Is the Nebraskan excel sheet a loose reference to how you couldn't initially order Windows in Nebraska (from what I can gather), or am I over-analyzing this? (https://www.youtube.com/watch?v=fqKqQmSHkEg at 0:57) 141.101.98.85 12:18, 13 April 2016 (UTC)

Maybe it's a 'flat' joke. Elvenivle (talk) 15:48, 13 April 2016 (UTC)


Interestingly enough, when I actually searched for "what the heck is a leftpad algorithm" sans quotations, google didn't pull up any results at all.Kirdneh (talk) 14:24, 13 April 2016 (UTC)

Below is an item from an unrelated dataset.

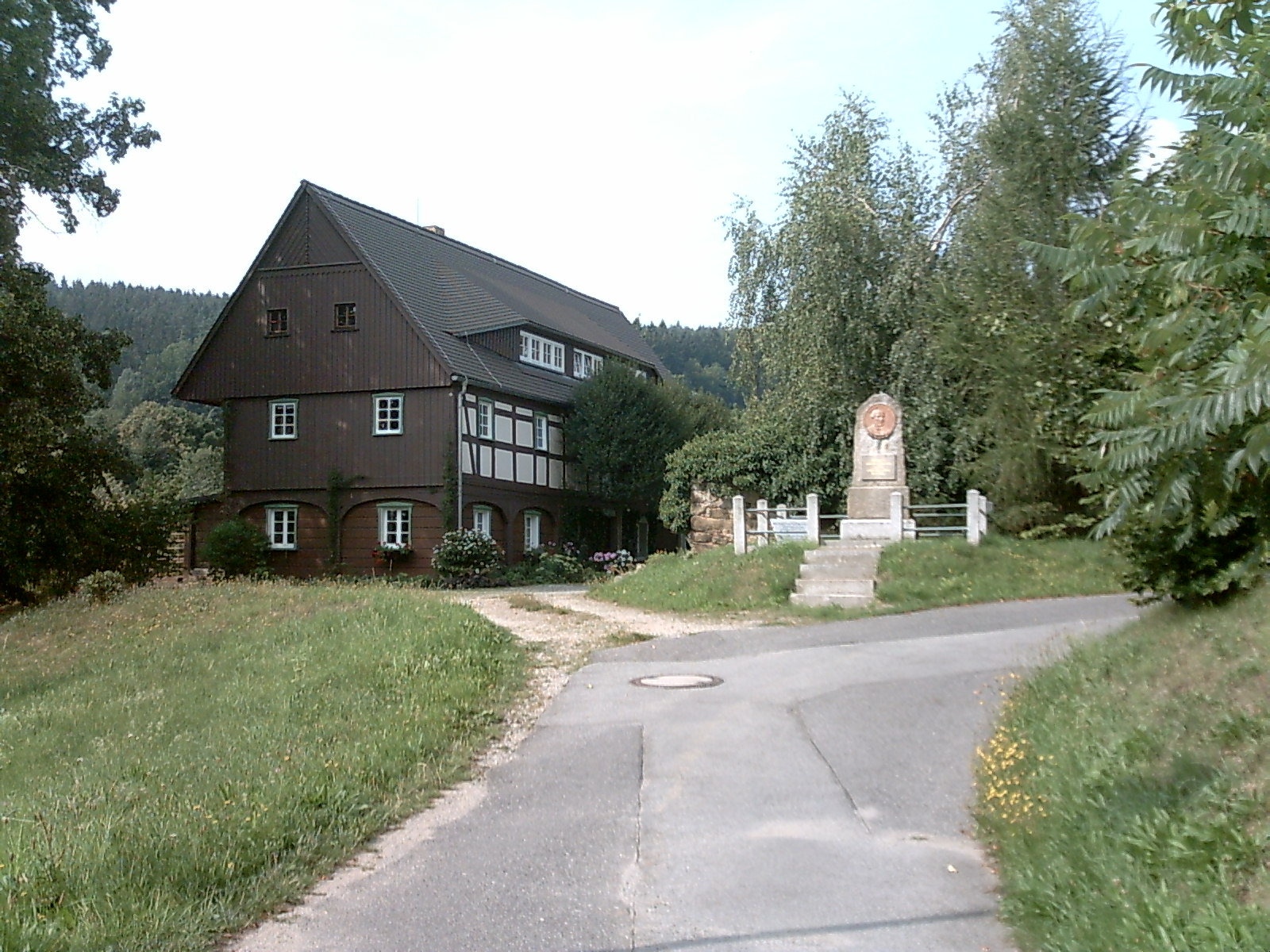 Kocor Denkmal mit Fachwerkhaus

Huh, that's strange. Someone had better find a query that actually works and edit the article accordingly.
Also, the page told me, "In order to show you the most relevant results, we have omitted some entries very similar to the 0 already displayed. If you like, you can repeat the search with the omitted results included." I clicked the link to repeat it and still, nothing showed up. Just goes to show that even Google's algorithms can have small flaws and quirks. ~AgentMuffin
Weird, when I try that query I get nearly 100k results. (The first now being this site) Tahg (talk) 23:07, 13 April 2016 (UTC)

Were .xlsx spreadsheets even around in 2007? Wasn't that final x added to the extension with office 2010? 108.162.249.158 20:30, 13 April 2016 (UTC)

xlsx was introduced with Office 2007: https://en.wikipedia.org/wiki/Microsoft_Excel#Current_file_extensions Elektrizikekswerk (talk) 07:18, 14 April 2016 (UTC)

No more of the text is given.